Clinicians and Computer Scientists Come Together to Predict Health Outcomes

in Research
June 22nd, 2015

15-8632-ADAMSPASCH-054

Bill Adams and Yannis Paschalidis

Some things in life, like sunrises and sunsets, are predictable. Others, like traffic or the weather, are much harder to predict. Health outcomes tend to fall somewhere in the middle, but Bill Adams, MD, a Boston Medical Center pediatrician, and Yannis Paschalidis, PhD, a Boston University data scientist, are attempting to make more health outcomes predictable with an algorithm that utilizes electronic medical record data.

Their system, which is funded by a five-year grant from the National Science Foundation, utilizes anonymous data from BMC patients, which is stored in a database called I2B2. This data dates back to 2000 and includes diagnoses, procedures, admissions, length of stay, and basic demographic data. Adams had been using this data to study what works and what doesn’t work in terms of health outcomes for urban patients and teamed up with Paschalidis and a team of graduate students to develop and test algorithms that can identify opportunities to alter health outcomes, some of which might be missed by researchers. Currently the team is working on an algorithm to predict whether individual patients with a history of heart disease will be hospitalized within a year. In testing this algorithm, they have been able to predict approximately 80 percent of hospitalizations.

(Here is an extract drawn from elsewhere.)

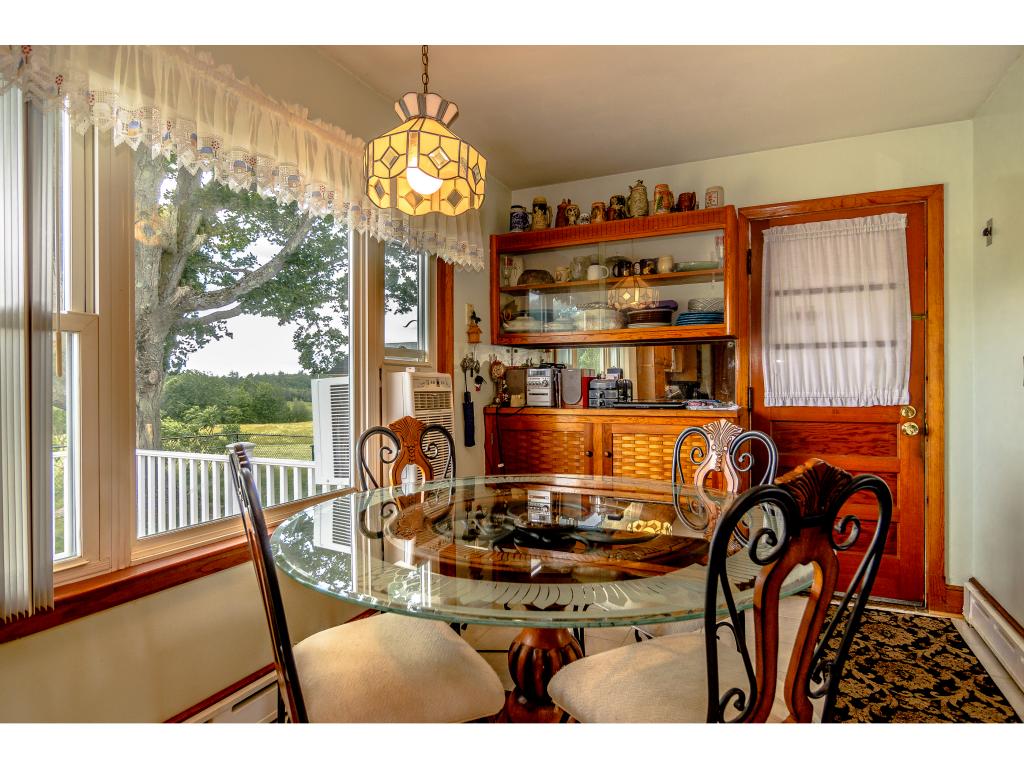 133 Rochester Hill Road Rochester, NH 03867 - Photo 4 of 20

“The health care system is not very efficient,” says Paschalidis. “We spend lots of money on diseases that can be prevented. With an algorithm that can predict re-hospitalization of high-risk patients, doctors can pay more attention to those patients, and potentially prevent the predicted hospitalization. Hospitalization is very expensive, but other health care costs are modest, so predicting re-hospitalization and preventing it is better for both patients in terms of health and hospitals in terms of costs. In fact, the National Institutes of Health found that $30 billion is spent in the U.S. every year on preventable hospitalizations, so we have the opportunity to save huge amounts of money.”

The goal is to have algorithms that will run in the background when providers see patients and alert providers when something in a patient’s record suggests that he or she is at risk of a negative health outcome. It would prompt doctors to intervene during visits and case managers (if applicable) to intervene outside of doctor visits.

“While some risk factors, like smoking, are obvious to doctors, there are some, such as trends in laboratory data, that are harder to see,” says Adams. “The challenge in medicine isn’t to know that someone is high risk, but to know what type of risk they have and how to intervene. Our algorithm is a useful tool to help doctors intervene early before negative outcomes happen, instead of waiting for them to happen and then starting treatment.”

The heart disease algorithm primarily uses outpatient data to make predictions, because most long-term health outcomes are treated in outpatient settings. Currently the algorithm pulls in data from Logician, and STK, the hospital’s registration system, but soon will begin adding information from eMERGE now that the new electronic medical record system is live across the hospital. While the new system won’t change the type of data that the algorithm uses, it will allow the researchers to share their work with people across the country who also use Epic electronic medical records. It will also allow researchers to better integrate inpatient and outpatient data.

The software built on the algorithm is not in use yet, but Adams and Paschalidis expect to finish testing by the end of the year and start running focus group tests with BMC doctors next year. These groups will allow Adams and Paschalidis to refine the type of information their algorithm uncovers and how the data is presented to providers, to create a valuable tool. They also plan to expand the use of the algorithm to include diabetes patients and are in talks with the Department of Surgery to predict re-hospitalization of patients who have undergone surgery – this is an important metric for Medicare quality measures. Eventually the goal is to create an algorithm that can provide recommendations for intervention, which will involve further partnerships between providers and computer scientists.

“This is a cutting-edge approach,” says Adams. “There is general interest across the country in trying to use electronic data to predict health outcomes, but the BMC/BU team is special in that it combines the clinical expertise of the medical campus with expertise in engineering and computer science from BU. In addition, this type of project is not something generally undertaken in safety net hospitals, which makes our algorithm unique. Our goal is to make this data into something meaningful and useful for the direct care of our patients, and while we’re not there yet, I believe we will be soon.”

(The story appeared at the May 15, 2015, Volume 4, Issue 6, Boston Medical Center Brief.)